Parallel zum Strafprozess um die Skandalfirma werden Schadenersatzklagen verhandelt. Die Verfahren verteilen sich auf ganz Deutschland und entwickeln sich zäh.

Böblingen: Marc Schieferecke (eck)

Stuttgart - Die Kürze des Prozesses deutet auf ein Geständnis hin. Ganze vier Verhandlungstage hat das Landgericht Stuttgart für das erste Verfahren um das Skandalunternehmen EN Storage angesetzt. Am ersten wurde ausschließlich die Anklageschrift verlesen. Für den zweiten, den 11. Juni, hat der Angeklagte – Edvin Novalic, einst technischer Geschäftsführer des in Herrenberg ansässigen Pleiteunternehmens – eine umfassende Aussage angekündigt. Er und sein Kompagnon sollen fast 5000 Anleger um mehr als 90 Millionen Euro betrogen haben. Ein Verfahren mit einer solchen Schadensumme würde üblicherweise monatelang dauern.

 

Zäher als der strafrechtliche Prozess sind zivilrechtliche Versuche von Geschädigten, zumindest Teile ihres Geldes zurückzubekommen. Rechtsanwälte fordern in ihrem Namen Schadenersatz von Anlageberatern, die Wertpapiere von EN Storage empfohlen hatten, und von den Wirtschaftsprüfern, die der Pleitefirma blendende Geschäfte bescheinigt hatten. In einer Reihe von Fällen sind Vergleiche mit Beratern verabredet worden. Andere beschäftigen Richter in der ganzen Bundesrepublik, sei es im nordrhein-westfälischen Hamm oder im bayerischen Augsburg.

Sechs Anlageberater sind für schuldlos erklärt worden

Jüngst hat das Landgericht Arnsberg die Klagen gegen sechs Berater abgewiesen, die Wertpapiere von EN Storage vermittelt hatten. Der Rechtsanwalt Marc Ellerbrock verteidigt nahezu alle der Berater. Per Rundbrief informierte er seine Mandanten über den Erfolg in Arnsberg. Die dortigen Richter hatten entschieden, dass die Finanzvermittler „das von der EN Storage betriebene Schneeball- bzw. Betrugssystem“ nicht hätten erkennen können, dennoch vor Risiken gewarnt hatten. Das Gegenteil hätten die Geprellten nicht beweisen können.
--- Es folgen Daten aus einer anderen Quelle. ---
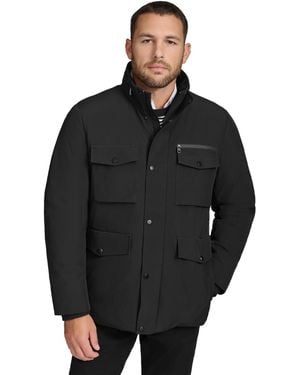 Calvin Klein Technical Field Jacket - Black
Allerdings wird der Rechtsanwalt Ralf Buerger für drei seiner Mandanten ins Berufungsverfahren vor das Oberlandesgericht gehen. Mit dem Urteil „sind wir deutlich nicht einverstanden“, sagt er. Selbstredend sei der Inhalt der Beratungsgespräche schwer beweisbar, „aber es gibt zahlreiche Zeugen für Fälle, in denen auf das Risiko eines Totalverlusts nicht hingewiesen wurde“, sagt Buerger. „Ein Gericht sollte auch solche Indizien berücksichtigen.“

Das Landgericht Stuttgart verhandelt die erste Klage gegen die Wirtschaftsprüfer

Am 18. Juni wird das Landgericht Stuttgart eine Klage verhandeln, „bei der die ganze Palette der Beteiligten vertreten ist“, wie Ellerbrock es formuliert. Sogar, „dass Herr Beier aus der JVA anreist, ist denkbar“. Lutz Beier war der Finanzgeschäftsführer von EN Storage und sitzt – wie Edvin Novalic – in Stuttgart-Stammheim in Untersuchungshaft. Abgesehen von ihm sind weitere Anlageberater auf Schadenersatz verklagt, außerdem die einstigen Wirtschaftsprüfer des Unternehmens. Sie waren bei einer in Stuttgart ansässigen Kanzlei beschäftigt, haben inzwischen aber alle den Arbeitgeber gewechselt.

Klagen gegen die Prüfer hatte sowohl Buerger angekündigt als auch sein Stuttgarter Kollege Florian Hitzler. Hitzler vertritt rund 100 Geschädigte und will von der Kanzlei zwischen einer und zwei Millionen Euro eintreiben. Bisher hegen beide Rechtsanwälte aber nur schriftlichen Kontakt zu den einstigen Wirtschaftsprüfern von EN Storage. „Wir verhandeln gerade darüber, ob man ein Musterverfahren führt, dessen Ergebnis beide Seiten akzeptieren“, sagt Hitzler. Hingegen wird das Landgericht in Stuttgart erstmals über eine Schadenersatzklage gegen die Prüfer entscheiden. Der Prozess beginnt um 16 Uhr.